Dietrich Bonhoeffer and the Cost of Living the Word
In 1933, as Adolf Hitler rose to power, most German churches chose silence. They listened to sermons about justice and love, nodded in agreement, and went home to do nothing. But a young Lutheran pastor named Dietrich Bonhoeffer refused to let the Word of God remain mere theory on his lips.
While other clergy signed loyalty oaths to the Nazi regime, Bonhoeffer helped found the Confessing Church, openly declaring that obedience to Christ demanded resistance to tyranny. He established an underground seminary at Finkenwalde, training pastors who would preach truth when truth was dangerous.
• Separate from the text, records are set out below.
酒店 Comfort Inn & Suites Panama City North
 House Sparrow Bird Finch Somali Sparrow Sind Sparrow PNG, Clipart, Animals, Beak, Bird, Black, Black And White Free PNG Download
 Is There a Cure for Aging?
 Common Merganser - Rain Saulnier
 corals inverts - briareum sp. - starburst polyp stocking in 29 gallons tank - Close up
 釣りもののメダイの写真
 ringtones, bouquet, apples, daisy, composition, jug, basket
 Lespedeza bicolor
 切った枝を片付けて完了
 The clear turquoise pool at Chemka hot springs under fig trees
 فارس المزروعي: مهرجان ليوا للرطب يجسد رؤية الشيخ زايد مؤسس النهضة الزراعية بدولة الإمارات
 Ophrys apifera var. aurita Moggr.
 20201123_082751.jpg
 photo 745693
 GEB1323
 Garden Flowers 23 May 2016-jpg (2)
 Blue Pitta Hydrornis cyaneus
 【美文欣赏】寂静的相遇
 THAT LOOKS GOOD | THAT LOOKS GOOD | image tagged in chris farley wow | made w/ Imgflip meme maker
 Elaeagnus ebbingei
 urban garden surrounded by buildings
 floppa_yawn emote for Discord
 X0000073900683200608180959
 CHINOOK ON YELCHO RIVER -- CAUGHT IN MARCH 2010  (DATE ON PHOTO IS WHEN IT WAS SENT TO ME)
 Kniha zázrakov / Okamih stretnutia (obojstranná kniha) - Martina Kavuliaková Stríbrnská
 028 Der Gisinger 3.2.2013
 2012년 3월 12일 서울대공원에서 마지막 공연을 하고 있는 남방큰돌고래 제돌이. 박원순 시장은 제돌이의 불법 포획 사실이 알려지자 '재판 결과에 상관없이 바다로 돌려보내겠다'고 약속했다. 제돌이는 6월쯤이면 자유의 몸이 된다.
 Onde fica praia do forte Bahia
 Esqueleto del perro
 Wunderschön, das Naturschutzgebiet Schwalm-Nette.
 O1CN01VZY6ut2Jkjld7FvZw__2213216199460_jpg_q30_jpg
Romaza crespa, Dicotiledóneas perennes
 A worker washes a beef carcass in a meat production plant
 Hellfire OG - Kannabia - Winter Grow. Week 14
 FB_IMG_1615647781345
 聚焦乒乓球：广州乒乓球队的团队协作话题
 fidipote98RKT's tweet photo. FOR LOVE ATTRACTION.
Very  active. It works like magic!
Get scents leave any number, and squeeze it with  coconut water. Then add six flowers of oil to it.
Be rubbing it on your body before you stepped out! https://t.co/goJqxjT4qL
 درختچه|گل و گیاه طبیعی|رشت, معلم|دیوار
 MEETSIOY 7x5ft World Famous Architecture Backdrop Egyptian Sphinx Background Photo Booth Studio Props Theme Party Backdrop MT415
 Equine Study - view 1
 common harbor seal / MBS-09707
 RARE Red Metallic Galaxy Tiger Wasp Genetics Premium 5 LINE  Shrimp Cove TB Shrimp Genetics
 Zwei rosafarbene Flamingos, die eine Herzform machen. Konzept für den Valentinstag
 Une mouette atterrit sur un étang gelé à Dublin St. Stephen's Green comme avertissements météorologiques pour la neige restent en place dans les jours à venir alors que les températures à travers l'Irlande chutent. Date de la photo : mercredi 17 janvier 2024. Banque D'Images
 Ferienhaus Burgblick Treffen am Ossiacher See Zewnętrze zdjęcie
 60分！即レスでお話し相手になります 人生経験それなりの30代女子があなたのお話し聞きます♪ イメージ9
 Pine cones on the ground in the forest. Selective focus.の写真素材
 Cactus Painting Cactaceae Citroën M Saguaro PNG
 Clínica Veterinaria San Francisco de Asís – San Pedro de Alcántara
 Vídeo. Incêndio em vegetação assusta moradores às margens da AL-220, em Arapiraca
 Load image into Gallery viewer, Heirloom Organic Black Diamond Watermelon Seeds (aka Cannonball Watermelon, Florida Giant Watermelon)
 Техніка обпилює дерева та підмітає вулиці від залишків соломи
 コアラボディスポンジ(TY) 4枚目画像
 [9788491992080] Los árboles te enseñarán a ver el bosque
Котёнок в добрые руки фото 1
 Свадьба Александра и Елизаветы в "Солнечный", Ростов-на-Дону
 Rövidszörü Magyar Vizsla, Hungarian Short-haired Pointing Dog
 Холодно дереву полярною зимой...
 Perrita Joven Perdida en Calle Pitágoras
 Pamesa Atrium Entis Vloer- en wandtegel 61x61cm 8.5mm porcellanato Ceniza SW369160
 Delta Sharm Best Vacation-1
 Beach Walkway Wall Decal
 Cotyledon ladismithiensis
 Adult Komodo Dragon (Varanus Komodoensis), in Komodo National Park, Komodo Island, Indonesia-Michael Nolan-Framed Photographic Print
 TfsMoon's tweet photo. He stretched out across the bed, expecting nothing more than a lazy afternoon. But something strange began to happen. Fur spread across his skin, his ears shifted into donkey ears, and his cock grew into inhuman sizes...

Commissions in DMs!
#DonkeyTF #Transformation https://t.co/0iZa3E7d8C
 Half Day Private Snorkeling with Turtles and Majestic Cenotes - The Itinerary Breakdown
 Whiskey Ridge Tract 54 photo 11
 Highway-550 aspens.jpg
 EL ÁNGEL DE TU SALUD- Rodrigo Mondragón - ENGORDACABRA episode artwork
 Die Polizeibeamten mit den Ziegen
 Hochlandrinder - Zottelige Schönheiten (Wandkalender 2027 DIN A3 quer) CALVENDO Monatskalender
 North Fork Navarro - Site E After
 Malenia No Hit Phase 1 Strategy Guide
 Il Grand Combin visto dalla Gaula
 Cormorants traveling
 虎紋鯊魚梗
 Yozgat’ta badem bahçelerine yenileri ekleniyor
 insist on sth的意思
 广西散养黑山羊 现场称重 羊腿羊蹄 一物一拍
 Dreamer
He smuggled Jews across the Swiss border. He joined a conspiracy to end Hitler's reign, knowing it could cost him everything.
It did. Bonhoeffer was arrested in April 1943 and hanged at Flossenburg concentration camp on April 9, 1945, just two weeks before Allied forces liberated the camp.
In his book The Cost of Discipleship, Bonhoeffer wrote words that still sting: "Only he who believes is obedient, and only he who is obedient believes." He understood what James knew centuries earlier — that hearing the Word without acting on it is the most dangerous form of self-deception.
James 1:22 does not ask us to admire Scripture. It asks us to live it. Bonhoeffer showed the world what that looks like — even when living the Word means laying down your life.